┌──

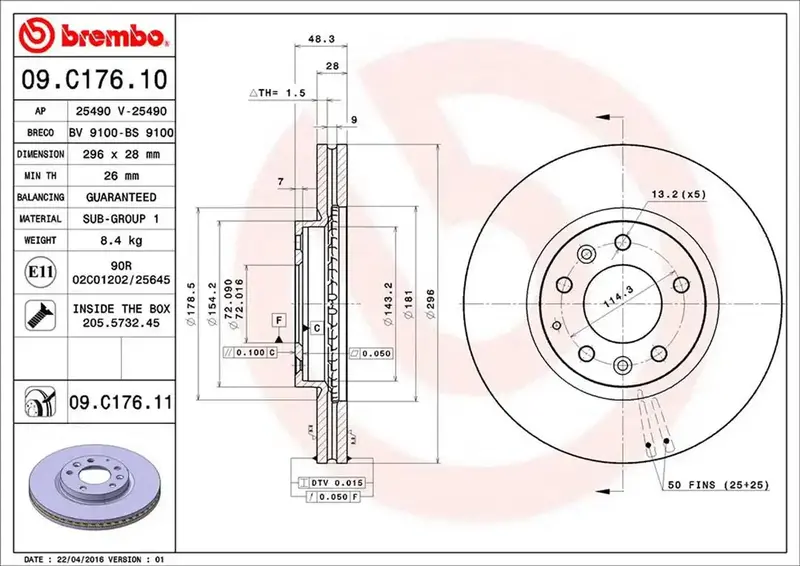 Brembo Disc Brake Rotor – 09C17611C02 1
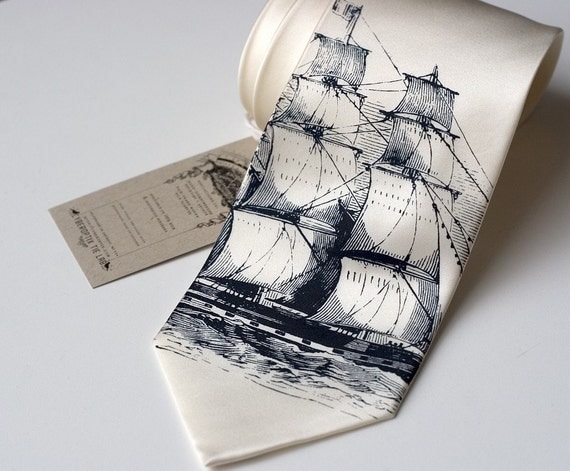 Clipper Ship silk necktie, navy ink on ivory tie. Silkscreen nautical print boat tie.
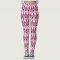 Fushia green lavender white small print leggings
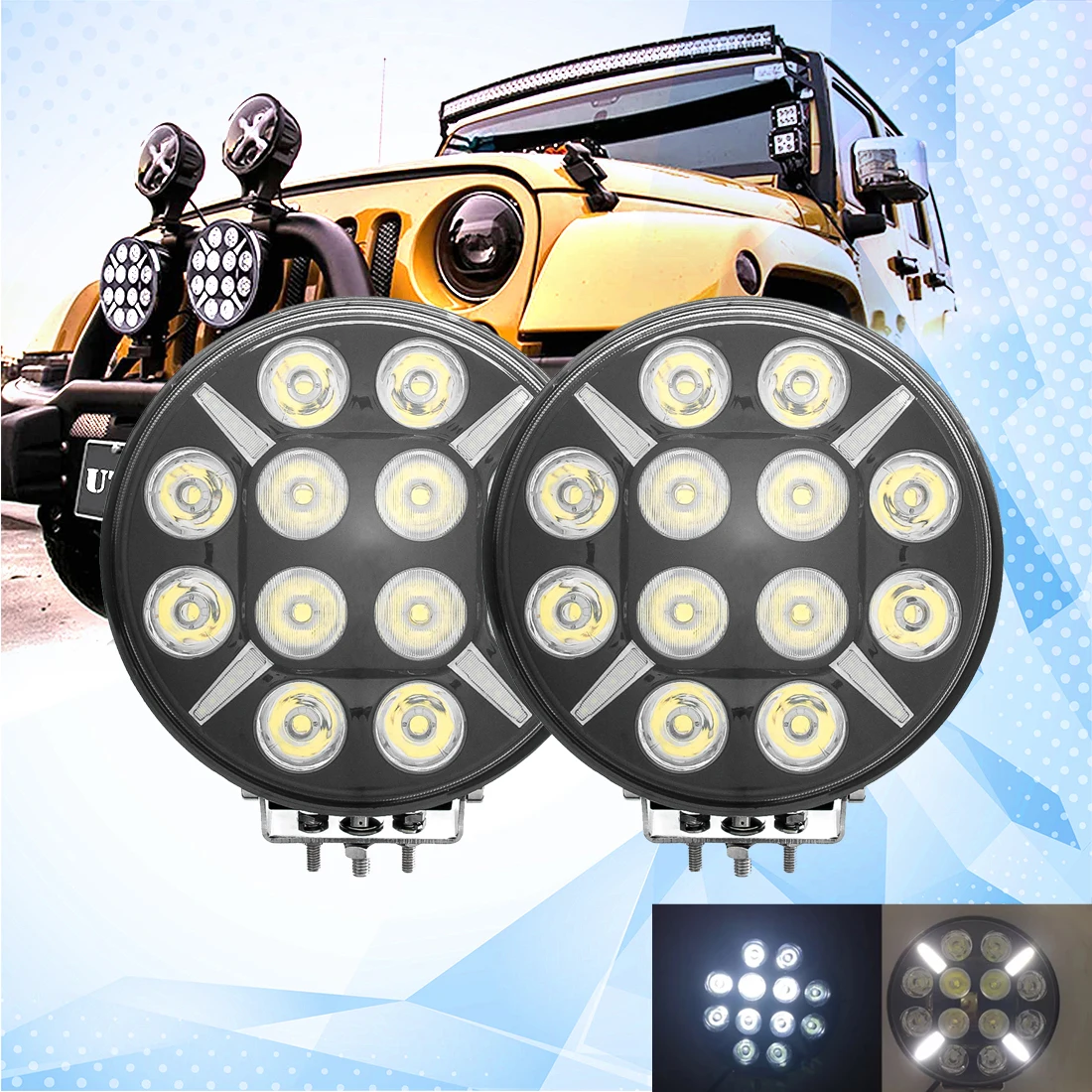 1 KOM 9 Cm, 120 W Led Radno Svjetlo za Maglu 12 24 od 6.000 Do Offroad 4WD 4x4 LED DRL svjetla za Džip Kurva Kamp Prikolica Slika  2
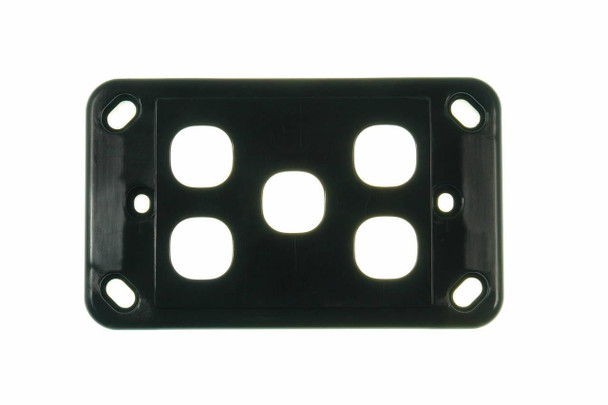 Front view of Digitek 5 gang wallplate black, no mechanism without front cover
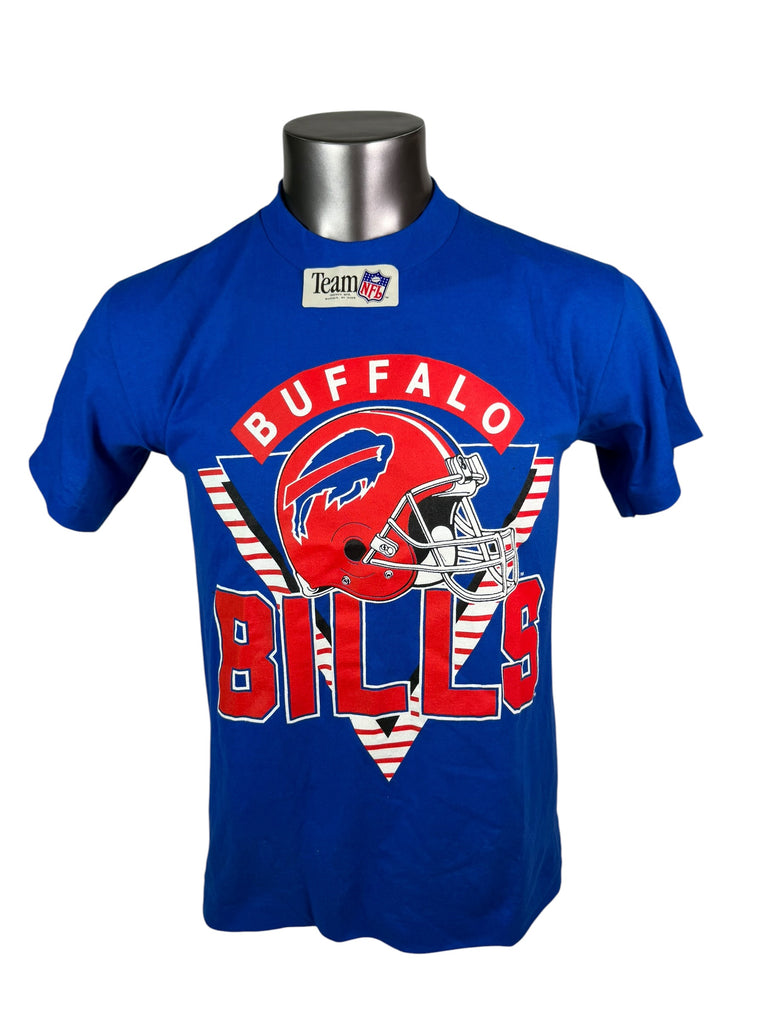 BUFFALO BILLS VINTAGE 1990'S TEAM NFL TRENCH T-SHIRT ADULT MEDIUM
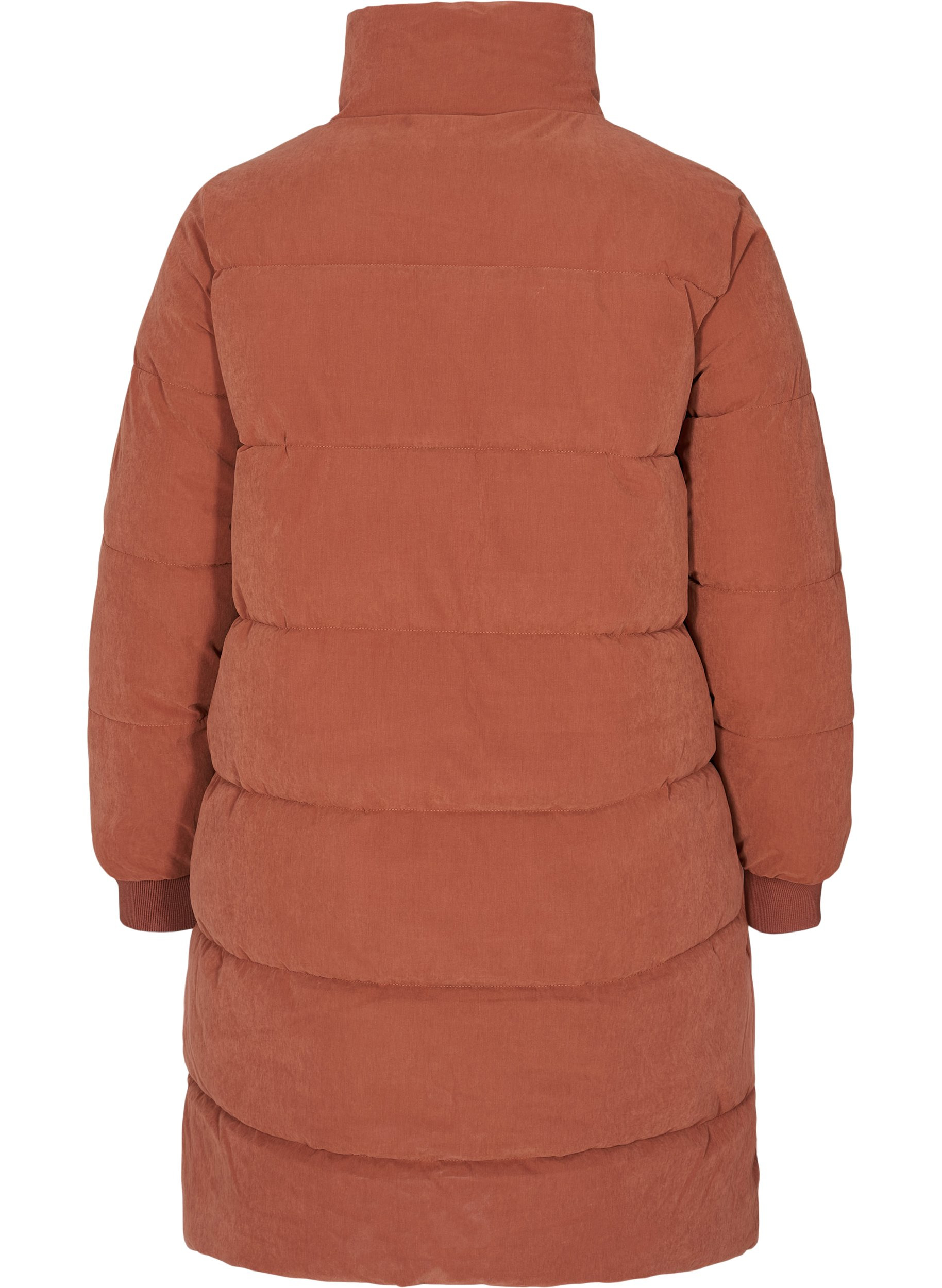 Lang gewatteerde jas met rits, Sequoia, Packshot image number 1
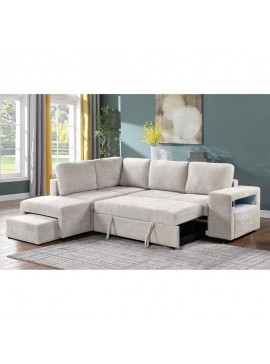 WOODWELL FLEXY Καναπές Δεξιά Γωνία - Κρεβάτι, με Χώρους Αποθήκευσης φωτιζόμενο, Ύφασμα Μπεζ  250x202x87cm H.91cm Ε9503,1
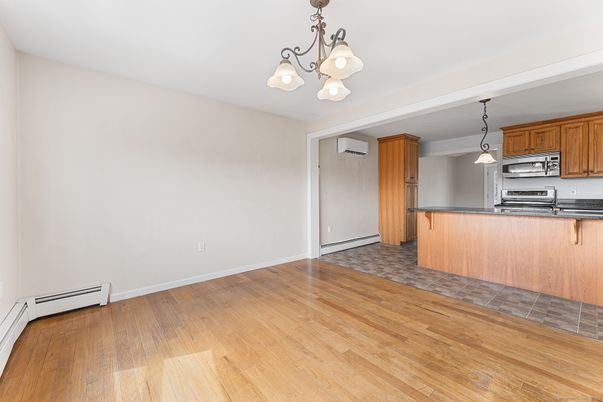 Interior, Kitchen, Pendant Lights, Stainless Steel Appliances, Wood Texture Flooring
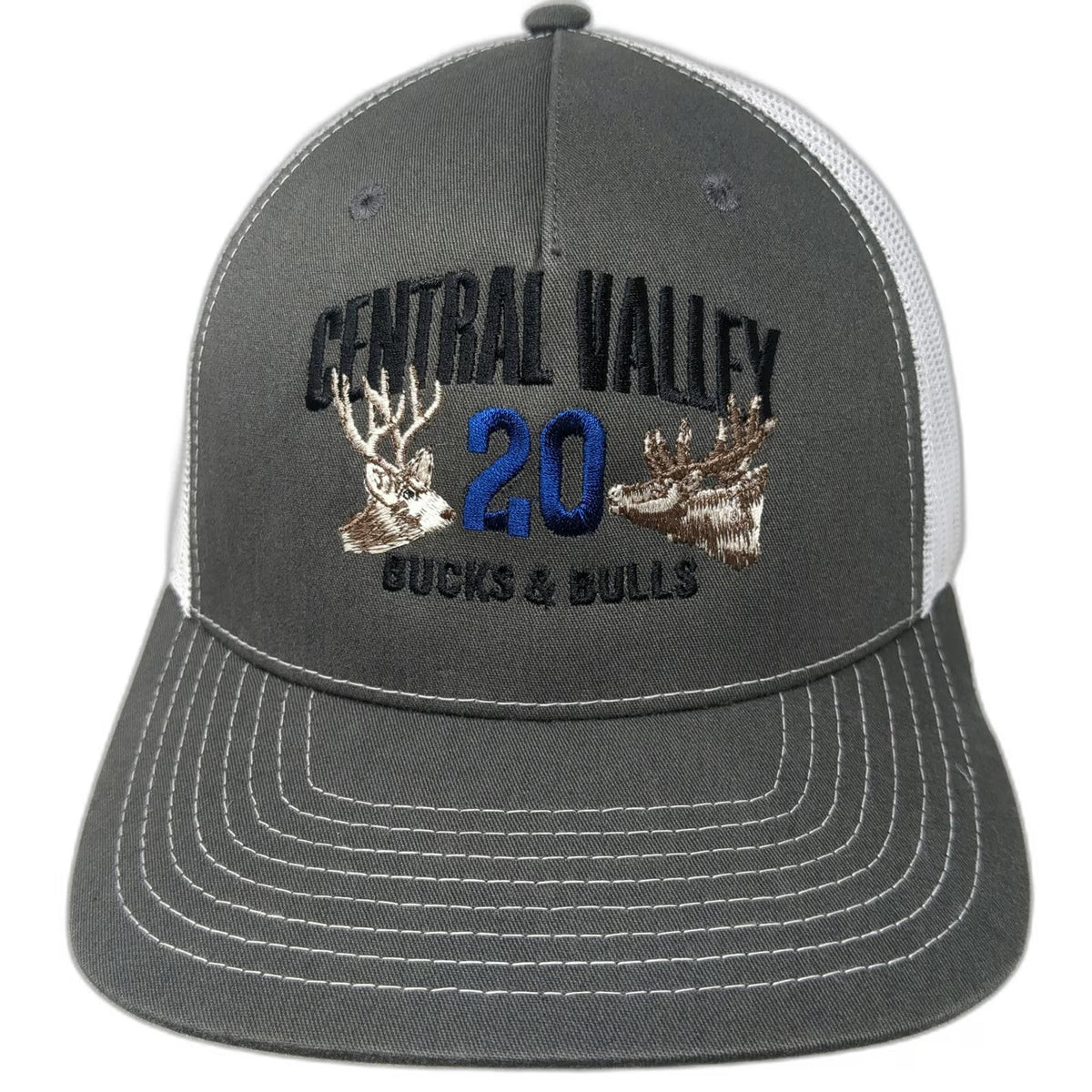 Richardson Trucker Hat Gray White One Size Central Valley Bucks Bulls Deer Elk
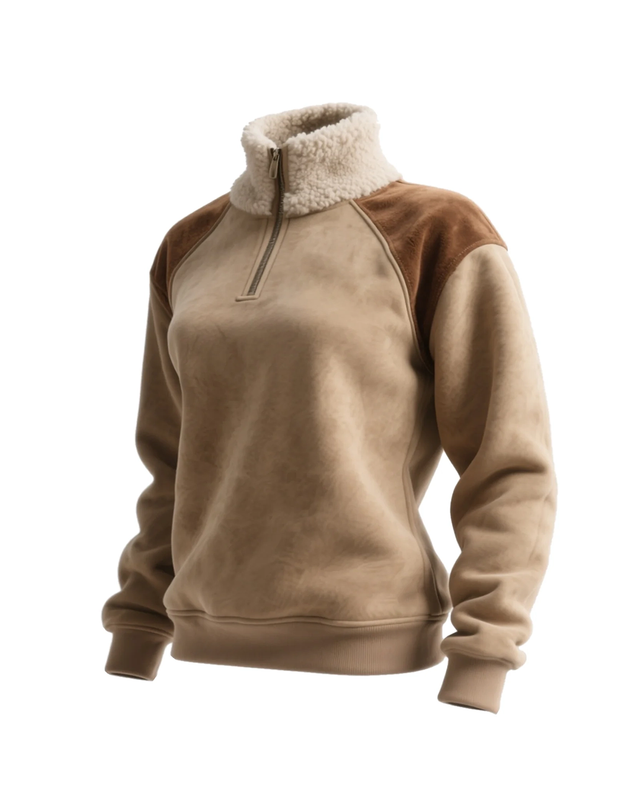 Retro Western Women's Contrast Color Stitching 1/4 Zip Wool Stand Collar Sweatshirt c5f6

└──

= TO DO =
The answer should contain only the lines from the one with "Richardson Trucker Hat" through the last line of the material, given word for word and without pictures.

= OUTPUT FOR THIS EXERCISE =
 Richardson Trucker Hat Gray White One Size Central Valley Bucks Bulls Deer Elk
 Retro Western Women's Contrast Color Stitching 1/4 Zip Wool Stand Collar Sweatshirt c5f6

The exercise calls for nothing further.